Practical Machine Learning for Computer Vision
by Valliappa Lakshmanan, Martin Görner, Ryan Gillard
Afterword
In 1966, MIT professor Seymour Papert launched a summer project for his students. The final goal of the project was to name objects in images by matching them with a vocabulary of known objects. He helpfully broke the task down for them into subprojects, and expected the group to be done in a couple of months. It’s safe to say that Dr. Papert underestimated the complexity of the problem a little.
We started this book by looking at naive machine learning approaches like fully connected neural networks that do not take advantage of the special characteristics of images. In Chapter 2, trying the naive approaches allowed us to learn how to read in images, and how to train, evaluate, and predict with machine learning models.

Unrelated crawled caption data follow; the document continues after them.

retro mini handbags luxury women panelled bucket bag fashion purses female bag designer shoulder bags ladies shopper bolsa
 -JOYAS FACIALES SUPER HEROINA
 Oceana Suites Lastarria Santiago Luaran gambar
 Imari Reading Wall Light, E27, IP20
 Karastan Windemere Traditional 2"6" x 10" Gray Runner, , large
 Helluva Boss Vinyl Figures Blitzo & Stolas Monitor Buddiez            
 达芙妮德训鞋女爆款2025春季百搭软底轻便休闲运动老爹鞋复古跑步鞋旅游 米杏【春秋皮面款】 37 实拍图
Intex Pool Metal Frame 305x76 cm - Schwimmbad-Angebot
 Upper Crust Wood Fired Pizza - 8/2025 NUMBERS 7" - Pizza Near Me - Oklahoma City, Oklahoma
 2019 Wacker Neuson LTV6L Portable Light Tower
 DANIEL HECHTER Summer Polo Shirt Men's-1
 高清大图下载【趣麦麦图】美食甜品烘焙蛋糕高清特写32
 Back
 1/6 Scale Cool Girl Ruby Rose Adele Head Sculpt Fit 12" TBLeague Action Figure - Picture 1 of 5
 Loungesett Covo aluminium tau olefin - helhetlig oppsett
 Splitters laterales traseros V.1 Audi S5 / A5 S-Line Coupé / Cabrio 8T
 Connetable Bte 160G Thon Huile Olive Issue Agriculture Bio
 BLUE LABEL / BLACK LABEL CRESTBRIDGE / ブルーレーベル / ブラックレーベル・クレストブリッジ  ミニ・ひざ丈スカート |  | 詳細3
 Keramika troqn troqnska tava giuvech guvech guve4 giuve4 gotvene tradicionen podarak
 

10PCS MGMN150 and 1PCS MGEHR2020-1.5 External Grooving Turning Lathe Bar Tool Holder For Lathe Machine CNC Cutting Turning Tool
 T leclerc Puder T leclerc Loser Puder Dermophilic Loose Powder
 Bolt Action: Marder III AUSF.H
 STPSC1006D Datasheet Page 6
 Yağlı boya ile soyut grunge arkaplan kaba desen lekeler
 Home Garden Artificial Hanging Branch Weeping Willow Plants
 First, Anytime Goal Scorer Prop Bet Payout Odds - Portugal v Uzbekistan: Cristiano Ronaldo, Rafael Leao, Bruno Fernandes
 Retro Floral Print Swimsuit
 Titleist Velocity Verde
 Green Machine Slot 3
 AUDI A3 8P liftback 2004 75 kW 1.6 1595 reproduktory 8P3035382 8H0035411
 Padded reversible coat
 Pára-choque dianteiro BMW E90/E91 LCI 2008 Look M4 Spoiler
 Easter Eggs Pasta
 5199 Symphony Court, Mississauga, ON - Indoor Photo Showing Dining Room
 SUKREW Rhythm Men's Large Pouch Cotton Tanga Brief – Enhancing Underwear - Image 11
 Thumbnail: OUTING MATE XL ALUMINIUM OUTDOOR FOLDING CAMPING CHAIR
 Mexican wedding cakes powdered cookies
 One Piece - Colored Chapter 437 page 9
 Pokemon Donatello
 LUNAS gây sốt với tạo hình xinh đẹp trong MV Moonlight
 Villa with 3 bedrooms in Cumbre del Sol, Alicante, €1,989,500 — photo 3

Then, in Chapter 3, we introduced many of the innovative concepts—convolutional filters, max-pooling layers, skip connections, modules, squeeze activation, and so on—that enable modern-day machine learning models to work well at extracting information from images. Implementing these models, practically speaking, involves using either a built-in Keras model or a TensorFlow Hub layer. We also covered transfer learning and fine-tuning in detail.
In Chapter 4, we looked at how to use the computer vision models covered in Chapter 3 to solve two more fundamental problems in computer vision: object detection and image segmentation.
The next few chapters of the book covered, in depth, each of the stages involved in creating production computer vision machine ...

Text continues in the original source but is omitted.